Groundhog’s Day yesterday and Imbolc mean we’re halfway to spring. There are wee signs in the garden – the earliest flowers unfolding, and rhubarb gallantly punching hot pink nubs and crinkled neon leaves through its own mulch.
Still, it’s winter and the hardiest vegetables rule. A steaming pot of homemade soup is winter’s snooze on a hammock, comforting, delicious moments when we feel as if we’ve been well taken care of.
Raid the fridge. This pot of soup included some of almost everything I had in the vegetable category – leftovers, the kitchen’s flotsam and jetsam – simmering on the stove, imbued with the health of winter plants like onion, garlic, carrots, celery, fennel, mushrooms, potatoes, squash, sweet potatoes, cabbage, kale, and a few destitute peas from the hinterlands of the freezer. Last summer’s frozen roasted tomatoes were the kicker, but any can of tomatoes would be fine.
Anyway, such ingredients are the base for a versatile soup. Add curry, ginger and turmeric, maybe coconut milk and/or cream for a curried root soup; jalapeno, chipotle powder, cumin, shredded chicken for a Mexican flavor; or, go Italian with dried or fresh oregano, rosemary, thyme and basil if you can get it, a piece of leftover Parmesan rind, Cannellini beans, Italian sausage, pasta . . .
This vegetable soup is at the heart of a favorite adolescent food memory because, well, it’s delicious, and it was surrounded by a big day of skiing which I considered the ultimate fun. Mom’s pots of soup, or spaghetti or pot roast at day’s end are as much a part of those memories as are recollections of my own unskilled, no holds barred skiing. Plus, I was probably inclined to appreciate whatever was put in front of me on those Saturday nights. She’d make soup from scratch, always with a meaty beef bone of some kind. Teenagers with energy to burn, when my brother and I got home we were rosy cheeked, hungry and exhausted. Wilma spent a big part of those Saturdays cooking for us and had a spectacular dinner ready, not fancy, but homemade, often vegetable soup, steaming and delicious with freshly baked cinnamon rolls for dessert. Jackpot!
Afterwards I fell into bed, satisfied with life. The Hammock effect. I’m inclined to make soup the way my mom did, and I do, but I’m more cavalier about the range of vegetables. I begin with the usual ingredients, the carrots, onion, celery (a mirepoix), and then I raid the refrigerator’s veggie bin. The sky’s the limit. Mine’s good, and yes, versatile, but not mom’s.
Versatile Vegetable Soup Recipe
And I do mean versatile. Consider these ingredients and their quantities a loose guideline for cooking up your own sappy soup memories.

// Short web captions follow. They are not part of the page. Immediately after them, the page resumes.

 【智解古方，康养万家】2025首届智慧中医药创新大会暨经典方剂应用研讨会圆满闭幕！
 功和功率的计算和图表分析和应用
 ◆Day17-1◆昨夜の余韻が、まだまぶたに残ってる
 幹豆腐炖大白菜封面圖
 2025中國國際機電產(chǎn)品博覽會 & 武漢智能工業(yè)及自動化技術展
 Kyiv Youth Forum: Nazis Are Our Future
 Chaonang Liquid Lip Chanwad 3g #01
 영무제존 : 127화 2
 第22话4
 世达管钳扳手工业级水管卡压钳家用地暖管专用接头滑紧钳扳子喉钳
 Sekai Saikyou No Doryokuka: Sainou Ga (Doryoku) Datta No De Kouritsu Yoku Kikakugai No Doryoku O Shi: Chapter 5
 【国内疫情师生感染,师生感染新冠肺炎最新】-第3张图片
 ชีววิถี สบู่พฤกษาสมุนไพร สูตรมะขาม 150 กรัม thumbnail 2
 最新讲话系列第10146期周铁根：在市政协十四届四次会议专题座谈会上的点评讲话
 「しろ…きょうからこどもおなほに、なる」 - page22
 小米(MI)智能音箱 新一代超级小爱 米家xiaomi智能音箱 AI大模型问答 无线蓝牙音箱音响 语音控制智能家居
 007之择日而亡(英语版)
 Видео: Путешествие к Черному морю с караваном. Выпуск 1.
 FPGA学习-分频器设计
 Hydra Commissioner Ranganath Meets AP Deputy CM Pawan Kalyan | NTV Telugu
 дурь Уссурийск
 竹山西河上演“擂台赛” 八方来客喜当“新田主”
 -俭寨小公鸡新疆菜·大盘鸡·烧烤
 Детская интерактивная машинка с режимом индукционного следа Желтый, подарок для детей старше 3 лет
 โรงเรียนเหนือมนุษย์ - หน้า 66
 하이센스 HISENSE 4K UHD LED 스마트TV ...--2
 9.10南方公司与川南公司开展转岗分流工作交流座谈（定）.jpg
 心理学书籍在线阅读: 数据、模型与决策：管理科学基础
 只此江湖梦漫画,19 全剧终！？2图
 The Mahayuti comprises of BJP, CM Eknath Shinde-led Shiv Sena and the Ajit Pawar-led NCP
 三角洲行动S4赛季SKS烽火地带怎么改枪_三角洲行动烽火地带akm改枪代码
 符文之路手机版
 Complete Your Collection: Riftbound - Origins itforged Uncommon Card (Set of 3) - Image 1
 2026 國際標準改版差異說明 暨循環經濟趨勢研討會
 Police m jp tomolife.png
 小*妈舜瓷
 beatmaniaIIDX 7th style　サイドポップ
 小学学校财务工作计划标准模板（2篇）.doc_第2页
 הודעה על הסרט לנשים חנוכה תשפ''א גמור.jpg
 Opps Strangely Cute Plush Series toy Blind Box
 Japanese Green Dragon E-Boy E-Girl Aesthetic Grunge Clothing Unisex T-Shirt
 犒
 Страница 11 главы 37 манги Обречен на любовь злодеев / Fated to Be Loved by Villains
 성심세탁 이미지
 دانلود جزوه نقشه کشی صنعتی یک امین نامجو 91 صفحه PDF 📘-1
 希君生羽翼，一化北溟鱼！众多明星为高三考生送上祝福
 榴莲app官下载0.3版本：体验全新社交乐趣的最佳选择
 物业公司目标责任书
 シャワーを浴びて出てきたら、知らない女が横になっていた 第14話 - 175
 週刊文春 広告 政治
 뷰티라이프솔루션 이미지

1 large or 2 medium onions, chopped
2 carrots, diced
2 celery stalks, diced
5 cloves garlic, minced
Sauté these in olive oil and a pinch of salt until translucent, ten minutes or so. (If you’re adding a soup bone, add it now, cover with liquid and simmer quietly for a couple of hours before adding herbs and additional veggies.) This is a good time to decide about the soup’s flavor theme, a curried Indian version, spicy Mexican or Italian. These are by no means authentic versions of traditional Indian, Mexican or Italian soups, but a way to use what you have to make a soup with panache. My mom’s was simply her own, perhaps her mother’s, imbued with stock from beef bones and often barley; add cooked rice or quinoa, almost any grain you prefer.
After the chosen herbs have been stirred into the sauté mix add 6 – 8 (or more) cups of any combination of vegetables you like, chopped and diced relatively uniformly. I wouldn’t recommend adding dark red beets, which will lend their hue to the entire pot of soup. Add water, vegetable, chicken stock or a combination, and a can of tomatoes if that fits. Liquid should cover vegetables by one or two inches. Season with salt and bring it all to a gentle simmer. Add more liquid if needed.
Cook with the lid on for about 30 minutes, until vegetables are tender. Adjust seasonings and add other ingredients that fit your soup’s theme: rice, pasta, beans, coconut milk . . . whatever. My own version included herbs that are alive and well in the garden right now, rosemary, thyme and bay, also some Cannellini beans, and all the vegetables I could get my hands on: after the onion, celery, carrot, garlic sauté, I added potatoes, sweet potatoes, rutabagas, kale, cabbage, fennel and tomatoes. No meaty soup bones this time. Add cooked pasta and Italian sausage if you like. Delicioso.